▶

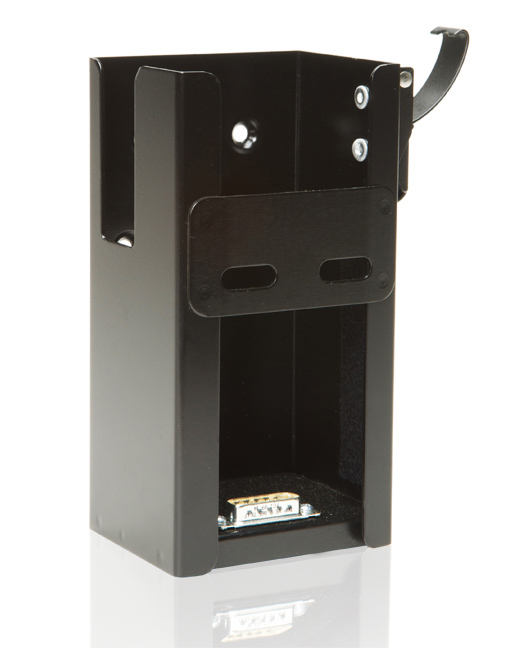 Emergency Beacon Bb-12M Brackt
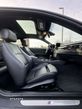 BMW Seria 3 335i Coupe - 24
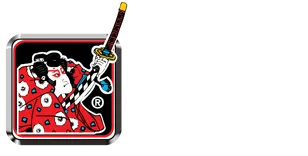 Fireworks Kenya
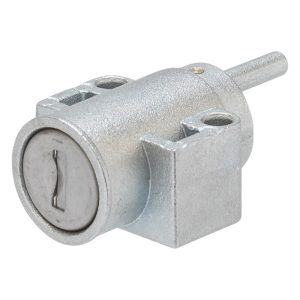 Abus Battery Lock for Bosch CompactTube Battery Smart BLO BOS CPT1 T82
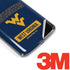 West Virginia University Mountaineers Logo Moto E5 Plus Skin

◀
▶

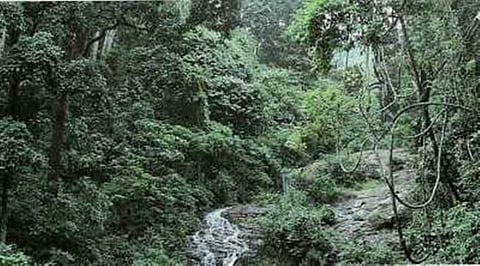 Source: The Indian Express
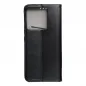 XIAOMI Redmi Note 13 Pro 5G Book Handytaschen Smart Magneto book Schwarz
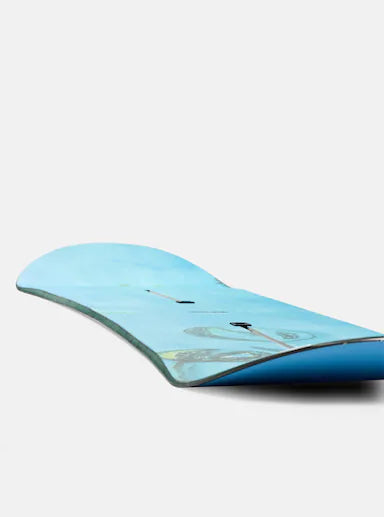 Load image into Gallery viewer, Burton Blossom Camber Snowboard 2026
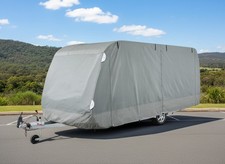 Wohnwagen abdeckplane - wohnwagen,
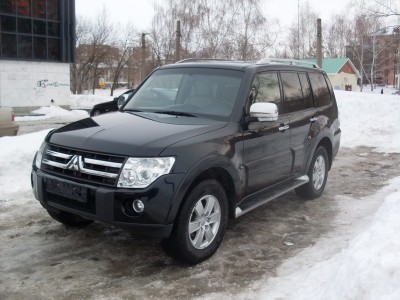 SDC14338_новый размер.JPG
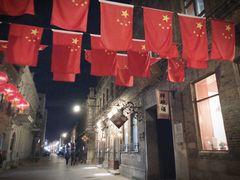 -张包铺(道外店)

◀
▶

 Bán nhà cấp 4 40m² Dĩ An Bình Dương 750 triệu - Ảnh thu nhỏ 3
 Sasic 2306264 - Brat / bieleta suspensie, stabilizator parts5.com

◀

YOUR GOAL -> Text only, no pictures: please print exactly the lines above from the line with "Emergency Beacon Bb-12M Brackt" up to and including the line with "West Virginia University", and nothing else.

ANSWER SECTION ->
 Emergency Beacon Bb-12M Brackt
 BMW Seria 3 335i Coupe - 24
 Fireworks Kenya
 Abus Battery Lock for Bosch CompactTube Battery Smart BLO BOS CPT1 T82
 West Virginia University Mountaineers Logo Moto E5 Plus Skin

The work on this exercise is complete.